A public utility must, at the expense of a customer, provide a meter to measure the production of a solar photovoltaic module system that is approved to receive incentive payments. The public utility must furnish the commissioner with information sufficient for the commissioner to determine the incentive payment. The information must be provided on a calendar year basis by no later than March 1. The commissioner shall provide a public utility with forms to use to provide the production information. A customer must attest to the accuracy of the production information.
Payments must be made no later than July 1 following the year of production.
Renewable energy credits associated with energy provided to a public utility for which an incentive payment is made belong to the utility.
Incentive payments may be made under this section only to an owner of grid-connected solar photovoltaic modules with a total nameplate capacity below 40 kilowatts direct current who:
(1) has submitted to the commissioner, on a form established by the commissioner, an application to receive the incentive that has been approved by the commissioner;
(2) has received a "Made in Minnesota" certificate under section 216C.413 for the module; and
(3) has installed on residential or commercial property solar photovoltaic modules that are generating electricity and has received a "Made in Minnesota" certificate under section 216C.413.
Applications for an incentive payment must be received by the commissioner between January 1 and February 28. The commissioner shall by a random method approve the number of applications the commissioner reasonably determines will exhaust the funds available for payment for the ten-year period of incentive payments. Applications for residential and commercial installations shall be separately randomly approved.

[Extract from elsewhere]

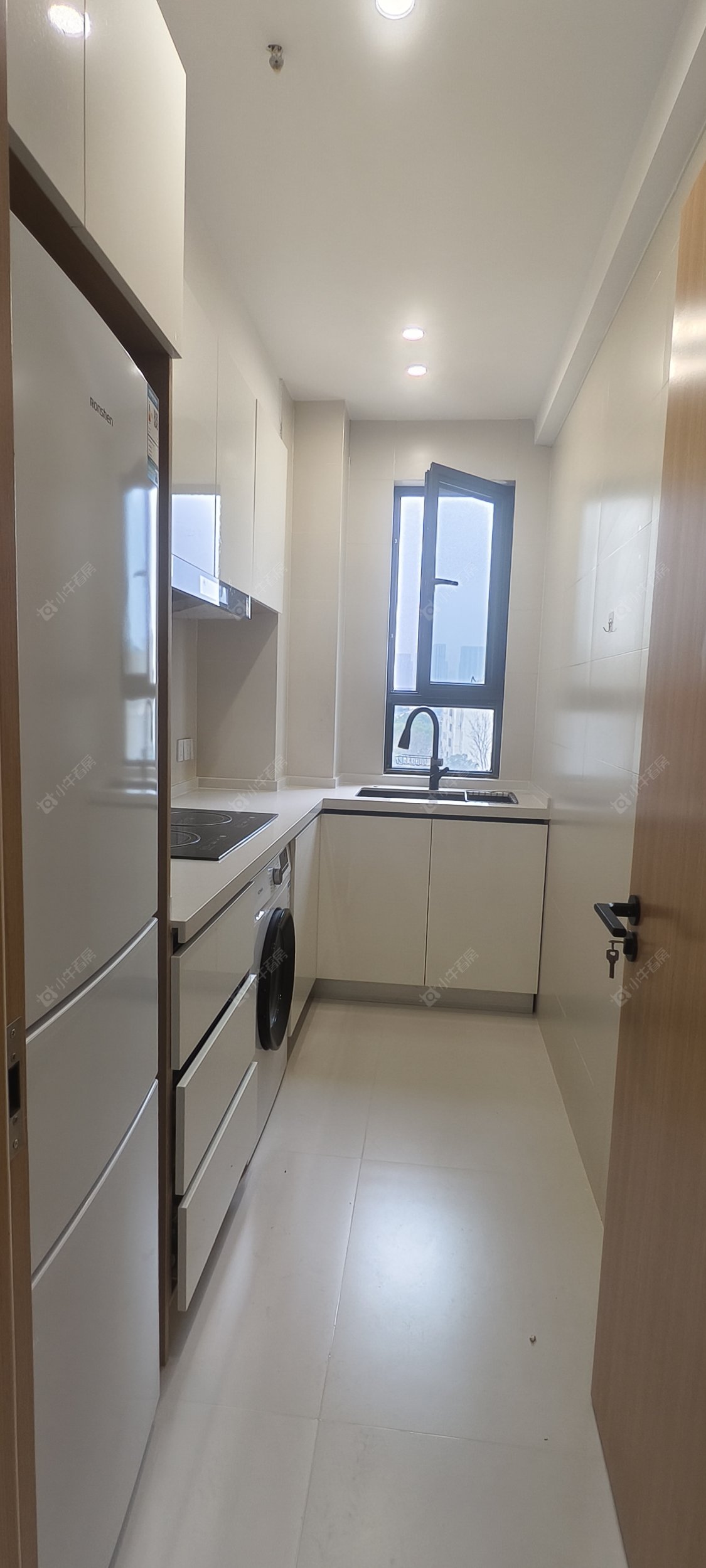 常州恒大御景在租房源室内图_小牛看房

The commissioner must approve an application for an incentive for an owner to be eligible for incentive payments. The commissioner must not approve an application in a calendar year if the commissioner determines there will not be sufficient funding available to pay an incentive to the applicant for any portion of the ten-year duration of payment. The commissioner shall annually establish a cap on the cumulative capacity for a program year based on funds available and historic average installation costs. Receipt of an incentive is not an entitlement and payment need only be made from available funds in the "Made in Minnesota" solar production incentive account.
(a) Payments may be made under this section only for electricity generated from new solar photovoltaic module installations that are commissioned between January 1, 2014, and December 31, 2023.
(b) The payment eligibility window of the incentive begins and runs consecutively from the date the solar system is commissioned.
(c) An owner of solar photovoltaic modules may receive payments under this section for a particular module for a period of ten years provided that sufficient funds are available in the account.
(d) No payment may be made under this section for electricity generated after December 31, 2033.
(e) An owner of solar photovoltaic modules may not first begin to receive payments under this section after December 31, 2024.
(a) If there are sufficient applications, approximately 50 percent of the incentive payment shall be for owners of eligible solar photovoltaic modules installed on residential property, and approximately 50 percent shall be for owners of eligible solar photovoltaic modules installed on commercial property.
(b) The commissioner shall endeavor to distribute incentives paid under this section to owners of solar photovoltaic modules installed in a manner so that the amount of payments received in an area of the state reasonably approximates the amount of payments made by a utility serving that area.
(c) For purposes of this subdivision:
(1) "residential property" means residential real estate that is occupied and used as a homestead by its owner or by a renter and includes "multifamily housing development" as defined in section 462C.02, subdivision 5, except that residential property on which solar photovoltaic modules (i) whose capacity exceeds 10 kilowatts is installed; or (ii) connected to a utility's distribution system and whose electricity is purchased by several residents, each of whom own a share of the electricity generated, shall be deemed commercial property; and
(2) "commercial property" means real property on which is located a business, government, or nonprofit establishment.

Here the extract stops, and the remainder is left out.